TASK OBJECTIVE: Extract from the entries below, exactly as given, only the lines from the line containing "Praia Grande Imagem" to the line containing "Интимный портрет парижанок", both lines included.

[Brief descriptive captions]
►

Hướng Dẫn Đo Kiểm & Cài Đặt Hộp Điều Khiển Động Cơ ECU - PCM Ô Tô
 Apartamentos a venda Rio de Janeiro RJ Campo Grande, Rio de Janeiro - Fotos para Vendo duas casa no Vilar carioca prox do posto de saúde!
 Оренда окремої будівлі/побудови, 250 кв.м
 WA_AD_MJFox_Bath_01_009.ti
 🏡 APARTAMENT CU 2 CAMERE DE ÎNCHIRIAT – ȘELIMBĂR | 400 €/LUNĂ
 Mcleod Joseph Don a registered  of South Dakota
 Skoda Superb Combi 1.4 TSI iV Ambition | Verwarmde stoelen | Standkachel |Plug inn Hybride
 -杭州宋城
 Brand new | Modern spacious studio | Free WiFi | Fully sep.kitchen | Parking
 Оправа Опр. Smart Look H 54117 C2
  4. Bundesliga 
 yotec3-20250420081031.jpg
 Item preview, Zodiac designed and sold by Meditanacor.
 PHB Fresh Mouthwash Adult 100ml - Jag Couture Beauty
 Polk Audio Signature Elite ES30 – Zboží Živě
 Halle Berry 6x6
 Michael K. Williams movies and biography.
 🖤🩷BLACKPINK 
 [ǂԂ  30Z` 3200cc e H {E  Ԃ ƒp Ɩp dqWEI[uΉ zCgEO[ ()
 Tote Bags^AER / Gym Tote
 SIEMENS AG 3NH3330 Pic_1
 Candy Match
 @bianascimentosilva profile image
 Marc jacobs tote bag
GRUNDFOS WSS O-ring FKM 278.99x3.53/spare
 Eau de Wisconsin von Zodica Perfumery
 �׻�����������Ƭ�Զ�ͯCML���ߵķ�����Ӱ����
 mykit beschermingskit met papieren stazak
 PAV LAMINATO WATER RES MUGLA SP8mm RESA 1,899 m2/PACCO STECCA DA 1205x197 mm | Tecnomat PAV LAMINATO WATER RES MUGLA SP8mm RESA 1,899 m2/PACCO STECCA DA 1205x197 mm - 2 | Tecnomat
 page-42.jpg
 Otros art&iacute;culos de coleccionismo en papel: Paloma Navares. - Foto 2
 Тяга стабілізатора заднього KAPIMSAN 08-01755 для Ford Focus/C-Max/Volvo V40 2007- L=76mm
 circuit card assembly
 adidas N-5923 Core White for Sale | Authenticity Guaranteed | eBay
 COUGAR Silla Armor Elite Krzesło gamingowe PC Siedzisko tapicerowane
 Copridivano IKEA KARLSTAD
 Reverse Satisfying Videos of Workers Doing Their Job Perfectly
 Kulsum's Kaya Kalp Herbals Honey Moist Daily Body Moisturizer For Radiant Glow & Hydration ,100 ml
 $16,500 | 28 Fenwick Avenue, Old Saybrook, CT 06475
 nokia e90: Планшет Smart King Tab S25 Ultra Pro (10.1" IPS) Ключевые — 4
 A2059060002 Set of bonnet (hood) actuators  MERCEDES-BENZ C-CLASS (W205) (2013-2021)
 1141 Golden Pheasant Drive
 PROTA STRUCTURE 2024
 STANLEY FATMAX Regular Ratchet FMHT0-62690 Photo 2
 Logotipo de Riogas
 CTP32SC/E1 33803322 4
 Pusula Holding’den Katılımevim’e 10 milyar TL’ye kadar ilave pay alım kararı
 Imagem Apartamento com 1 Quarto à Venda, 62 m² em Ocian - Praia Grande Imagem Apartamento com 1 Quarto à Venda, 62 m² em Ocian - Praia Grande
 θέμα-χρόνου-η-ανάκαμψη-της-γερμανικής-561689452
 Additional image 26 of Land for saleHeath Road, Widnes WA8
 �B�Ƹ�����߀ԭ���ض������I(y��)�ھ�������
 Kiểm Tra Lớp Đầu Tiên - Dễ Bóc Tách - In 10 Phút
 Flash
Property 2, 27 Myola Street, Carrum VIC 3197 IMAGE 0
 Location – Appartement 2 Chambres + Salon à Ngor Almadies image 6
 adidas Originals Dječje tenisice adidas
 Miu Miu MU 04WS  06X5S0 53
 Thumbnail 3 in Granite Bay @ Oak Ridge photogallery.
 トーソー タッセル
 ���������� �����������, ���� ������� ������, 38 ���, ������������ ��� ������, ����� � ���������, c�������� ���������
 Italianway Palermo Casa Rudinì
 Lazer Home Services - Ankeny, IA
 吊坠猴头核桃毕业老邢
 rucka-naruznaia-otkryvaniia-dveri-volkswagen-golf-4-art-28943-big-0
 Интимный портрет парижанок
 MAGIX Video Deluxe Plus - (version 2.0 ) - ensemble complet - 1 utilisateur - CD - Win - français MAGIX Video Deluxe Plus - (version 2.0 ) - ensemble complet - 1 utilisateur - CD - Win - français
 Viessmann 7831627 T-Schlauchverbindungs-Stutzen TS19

◄

OUTPUT:
 Imagem Apartamento com 1 Quarto à Venda, 62 m² em Ocian - Praia Grande Imagem Apartamento com 1 Quarto à Venda, 62 m² em Ocian - Praia Grande
 θέμα-χρόνου-η-ανάκαμψη-της-γερμανικής-561689452
 Additional image 26 of Land for saleHeath Road, Widnes WA8
 �B�Ƹ�����߀ԭ���ض������I(y��)�ھ�������
 Kiểm Tra Lớp Đầu Tiên - Dễ Bóc Tách - In 10 Phút
 Flash
Property 2, 27 Myola Street, Carrum VIC 3197 IMAGE 0
 Location – Appartement 2 Chambres + Salon à Ngor Almadies image 6
 adidas Originals Dječje tenisice adidas
 Miu Miu MU 04WS  06X5S0 53
 Thumbnail 3 in Granite Bay @ Oak Ridge photogallery.
 トーソー タッセル
 ���������� �����������, ���� ������� ������, 38 ���, ������������ ��� ������, ����� � ���������, c�������� ���������
 Italianway Palermo Casa Rudinì
 Lazer Home Services - Ankeny, IA
 吊坠猴头核桃毕业老邢
 rucka-naruznaia-otkryvaniia-dveri-volkswagen-golf-4-art-28943-big-0
 Интимный портрет парижанок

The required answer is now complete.